A method for preserving nominally-resolved flow patterns in low-resolution ocean simulations: Constrained dynamics

TL;DR

This paper introduces a novel data-driven constrained optimization method to improve low-resolution ocean models by keeping their solutions within the correct phase space, effectively preserving large-scale flow patterns without explicit eddy parameterization.

Contribution

It presents a new dynamical systems approach for hyper-parameterization in ocean modeling, avoiding traditional physics-based eddy parameterizations.

Findings

Significantly improved low-resolution solutions towards eddy-resolving benchmarks.

Demonstrated effectiveness in a classical baroclinic beta-plane turbulence model.
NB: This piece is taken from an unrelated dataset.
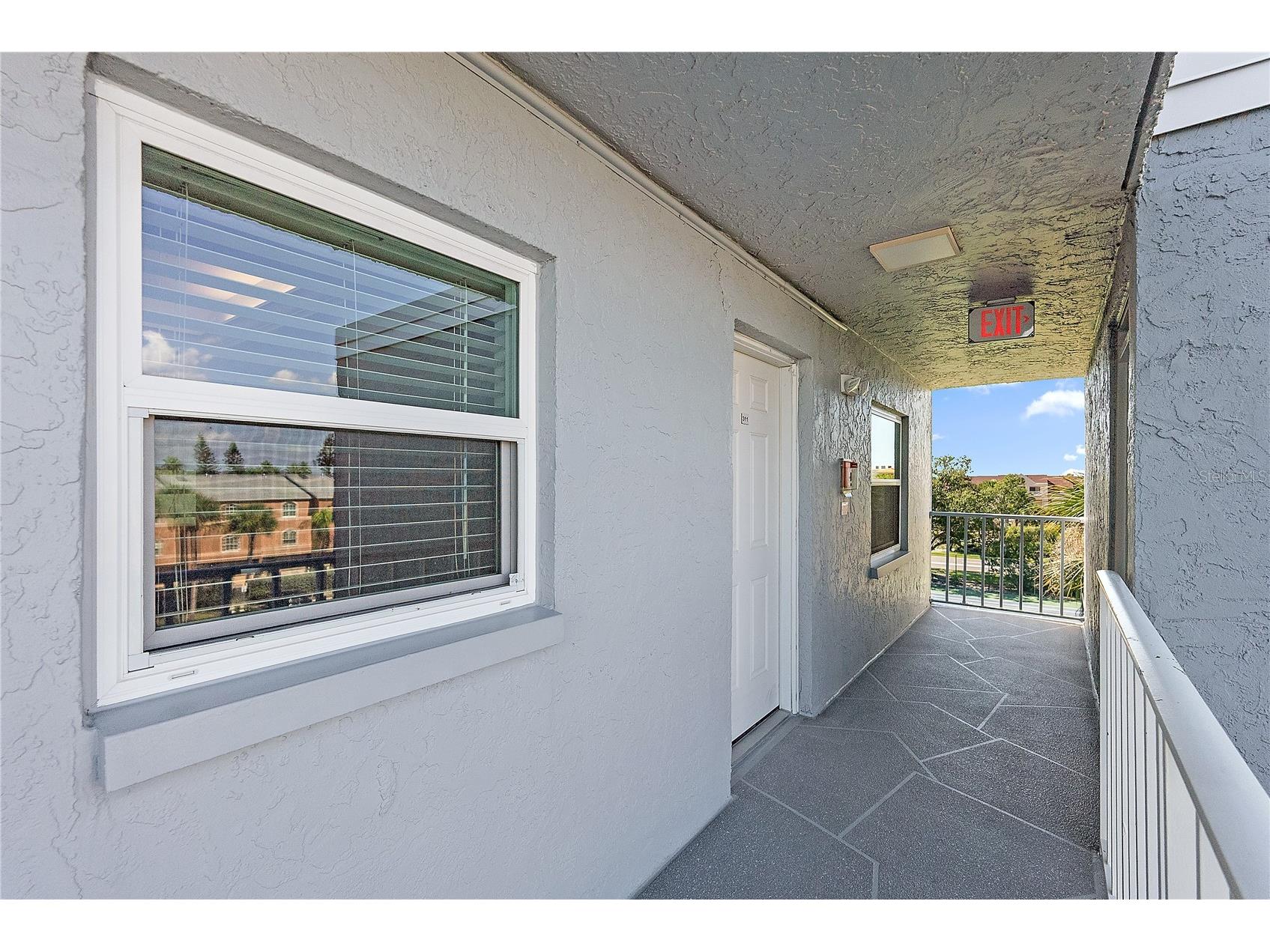 719 Pinellas Bayway S #311 Tierra Verde FL 33715 TB8437735 image20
Proposed a framework applicable to non-eddy-resolving ocean simulations.

Abstract

Inability of low-resolution ocean models to simulate many important aspects of the large-scale general circulation is a common problem. In the view of physics, the main reason for this failure are the missed dynamical effects of the unresolved small scales of motion on the explicitly resolved large scale motions. Complimentary to this mainstream physics-based perspective, we propose to address this failure from the dynamical systems point of view, namely, as the persistent tendency of phase space trajectories representing the low-resolution solution to escape the right region of the corresponding phase space, which is occupied by the reference eddy-resolving solution. Based on this concept, we propose to use methods of constrained optimization to confine the low-resolution solution to remain within the correct phase space region, without attempting to amend the eddy physics by introducing a process-based parameterisation. This approach is advocated as a novel framework for data-driven hyper-parameterisation of mesoscale oceanic eddies in non-eddy-resolving models. We tested the idea in the context of classical, baroclinic beta-plane turbulence model and showed that non-eddy-resolving solution can be substantially improved towards the reference eddy-resolving benchmark.